それが何を言ったのか、二妹の妃の逆鱗に触れたらしい。
彼女は急に声を荒らげた。
「お姉様、聞いてくださいな、この子の言い草を! 『人を騙すような真似は嫌だ』なんて言っていますわよ!」
皇后も容赦なく叱り飛ばした。
「私たちだって、好き好んで人を騙そうとしているわけではないのです! これは絶対の命令なのですよ? まさか、大王様に逆らうつもりですか!?」
一番年下の妃は、怯えたようにシクシクと泣き出してしまった。
「ちょっと、また泣き出したわ。この子の弱虫な性格、一体誰に似たのかしら? 泣き声を聞いているだけでイライラするわ。もう行きましょう。ここで頭を冷やしてよーく考えなさい!」
皇后がバッと立ち上がると、他の妃たちもそれに続いた。
「そうですわね、お姉様。五妹を一人にして静かにさせておけば、そのうち頭も切り替わるでしょう」
―――
バタバタと足音が遠のき、部屋の中には、うつむいて声を殺して泣き続ける若い妃と、波有の神識だけが取り残された。

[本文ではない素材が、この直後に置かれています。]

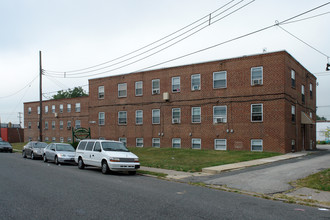 Mascher Court Apartments in Philadelphia, PA - Building Photo - Building Photo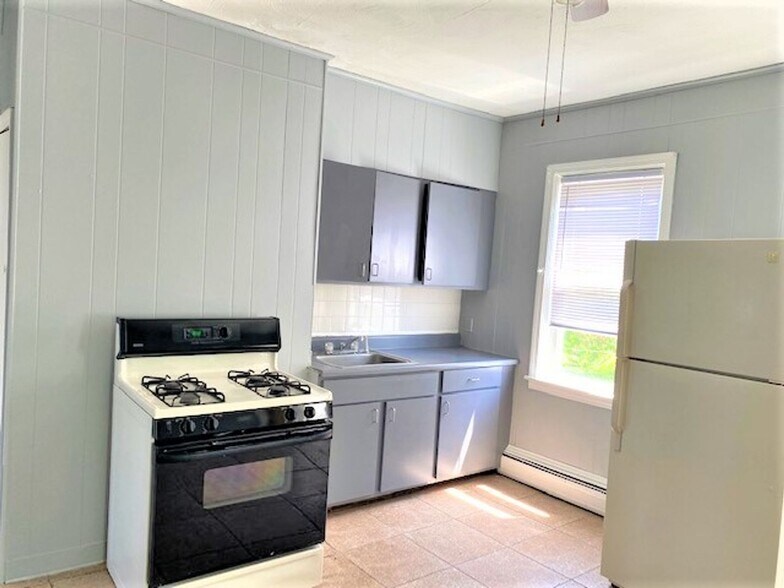 Building Photo - 74 Veazie St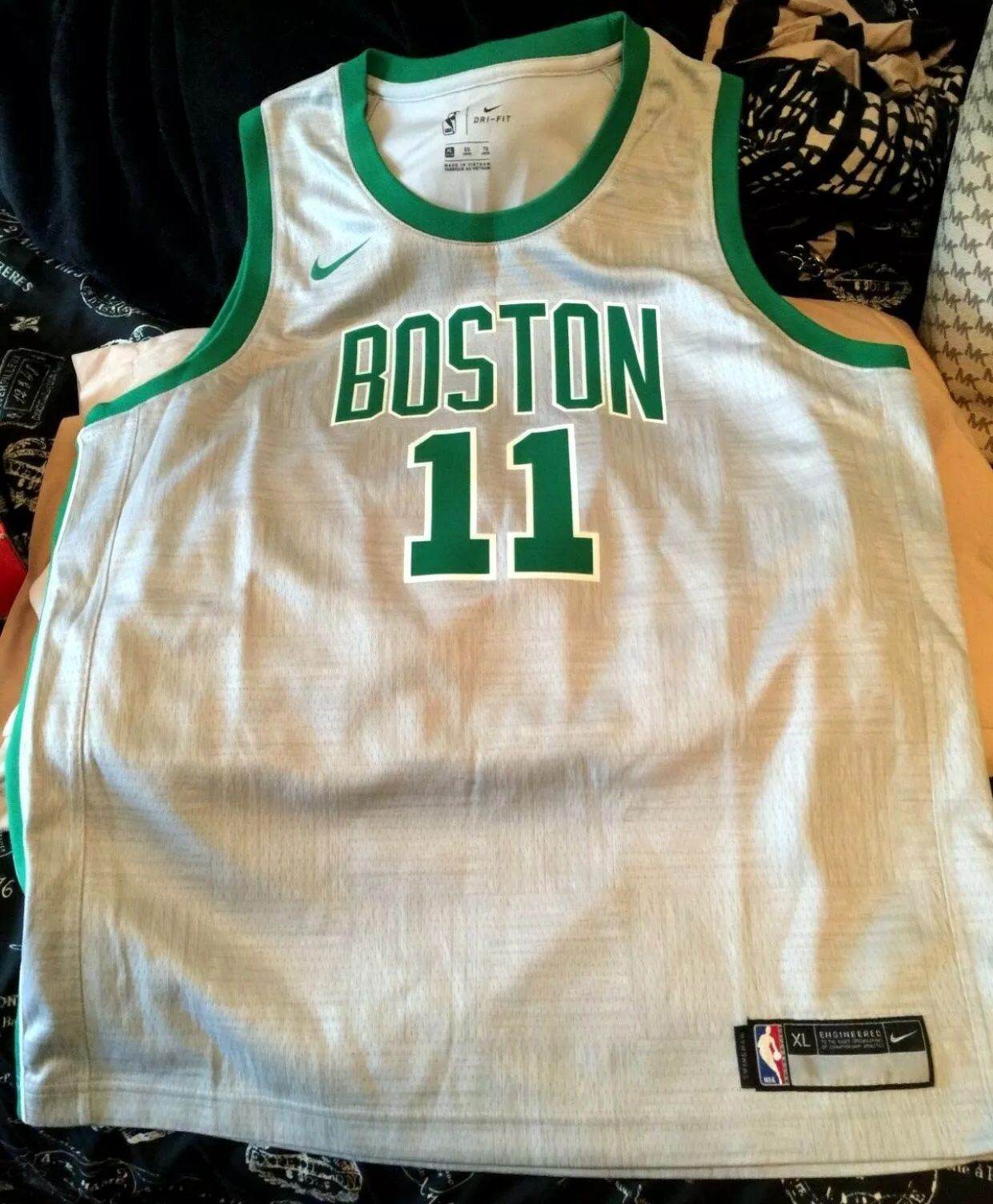 Boston Celtics Jersey- Irving 11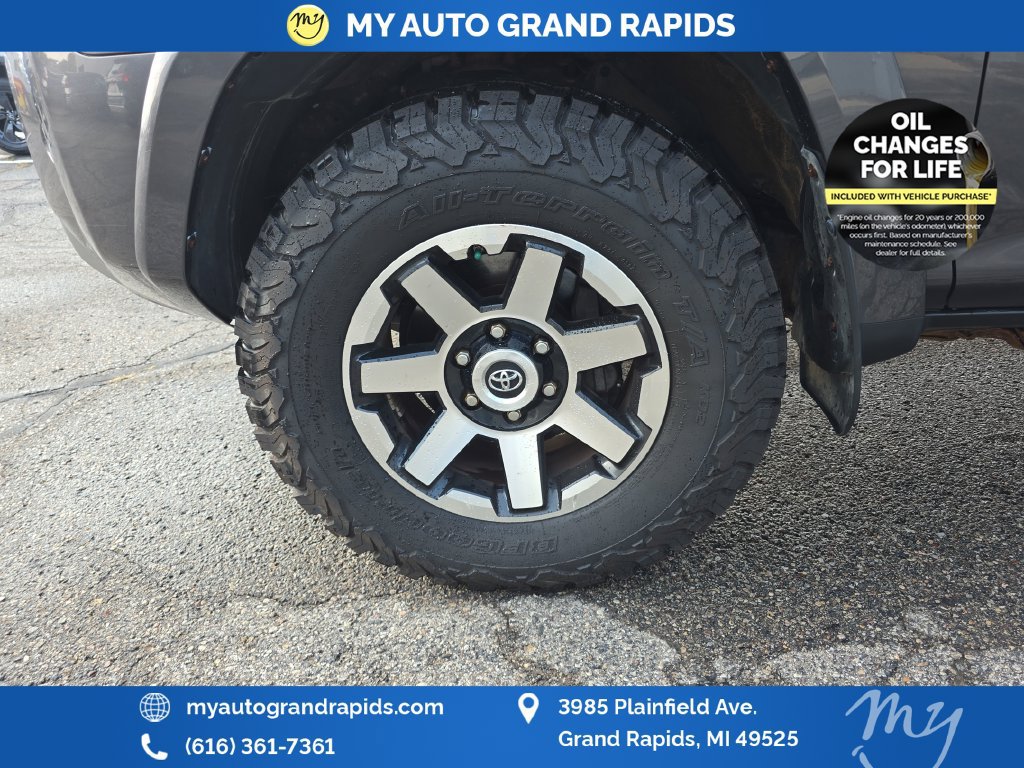 Used 2017 Toyota 4Runner TRD Off-Road Premium AWD/4WD image 29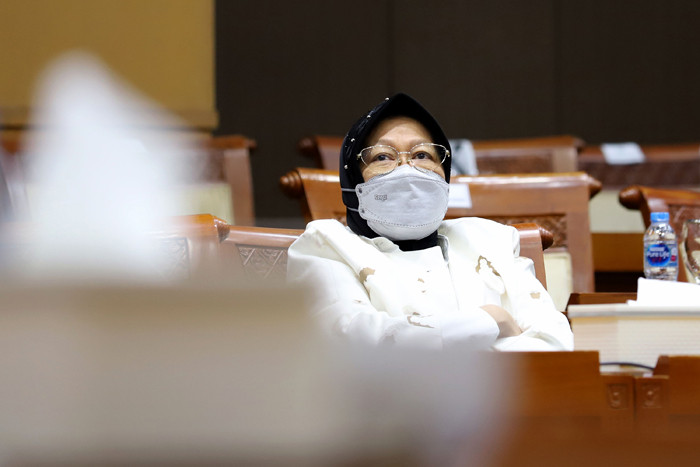 Menteri Sosial Tri Rismaharini mengikuti rapat kerja dengan Komisi VIII DPR di Kompleks Parlemen, Senayan, Jakarta, Kamis (3/6/2021).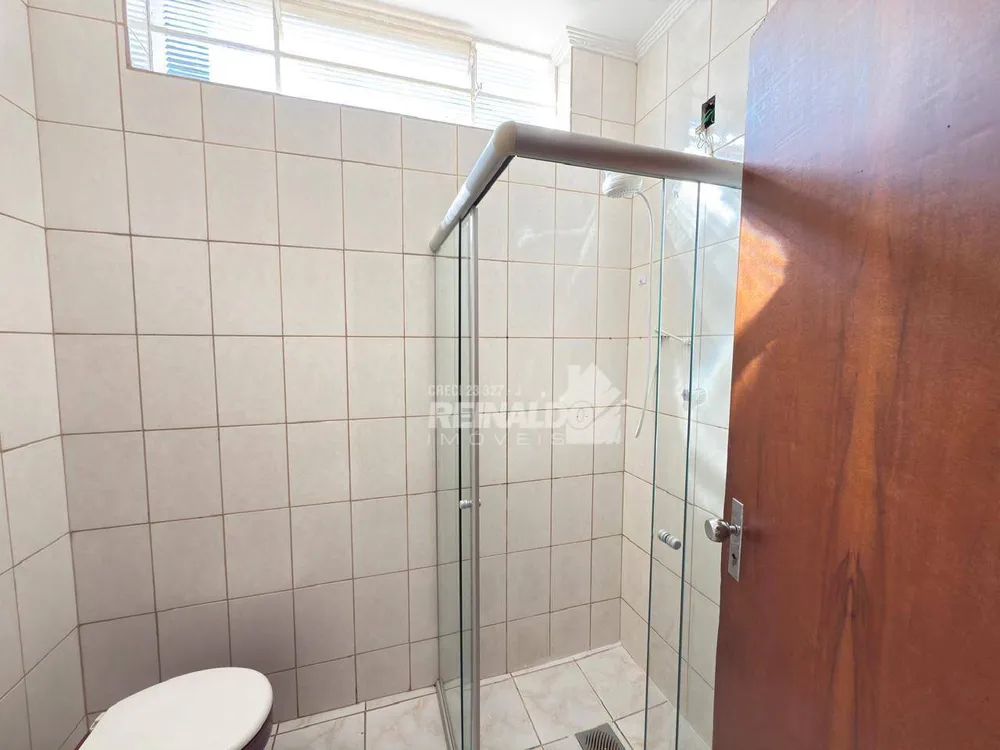 Casa, 3 quartos, 222 m² - Foto 2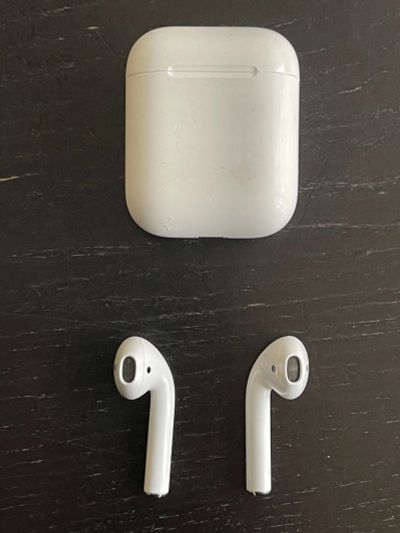 Лот: 17582697. Фото: 1. Airpods 1 поколение (оригинал). Красноярск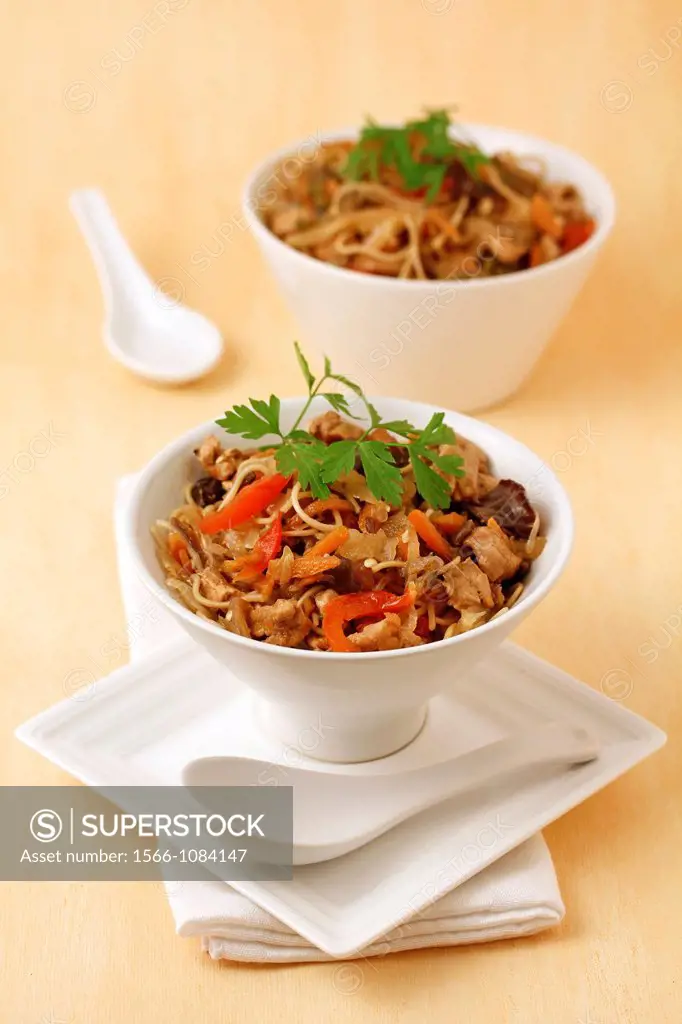 Chinese noodles with chicken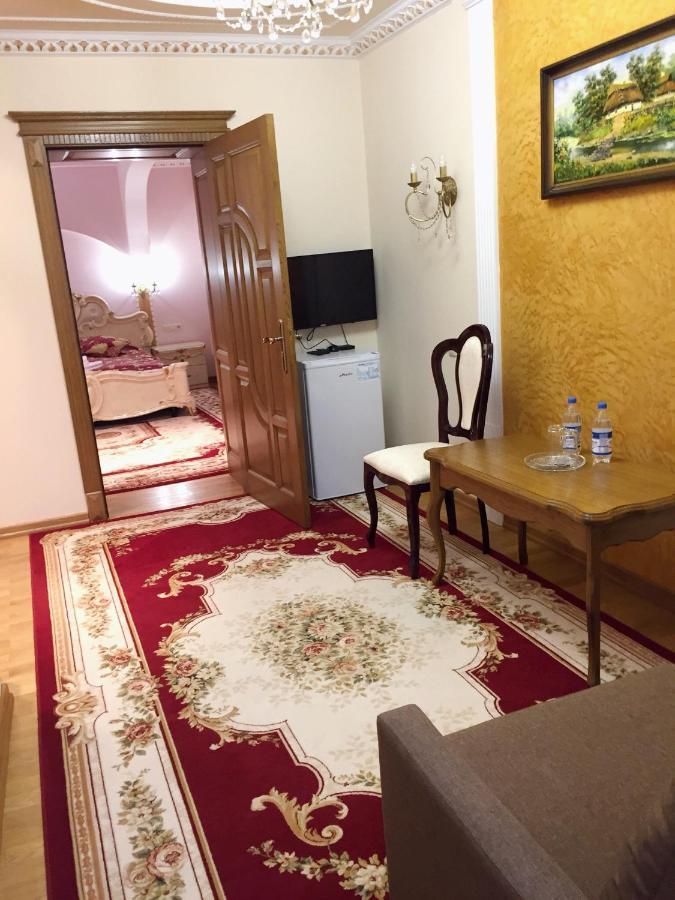Петрос Family Hotel Iaremcea Exterior foto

小さなラクダの妖怪は、ウウッと涙をこぼしながら、ぽつりと独り言をつぶやいた。
「みんなして、いつも嫌なことばかり押し付けるなんて、ひどすぎるよ……。お天道様は見ているんだから、いくら大王様だからって、人を騙して良いわけがないのに……」
この一番年下の妃は、四人の姉たちに比べて格段に小柄で、守ってあげたくなるような愛らしさに満ちていた。
少しうつむいた、色白でふっくらとした綺麗な顔立ち。
大きくて丸い瞳には、大粒の涙がキラキラと溜まっていて、見ているだけで胸が締め付けられるような、儚い美しさがあった。
「悪いことだって分かっているのに、どうして無理やりやらせようとするの?」
「私、妃になんてなりたくなかった。人を騙すのも嫌。……ただ、おうちに帰りたいよぉ……」
波有は、一瞬でこの若い妃のことが大好きになってしまった。
まっすぐな性格は、どこか自分に似ているような気がしたのだ。
もし今、自分が神識の精神体でなければ、今すぐにでも実体化して、駆け寄って抱きしめて慰めてあげたいくらいだった。
そのとき、波有の頭の中に、ある名案がピコーンとひらめいた。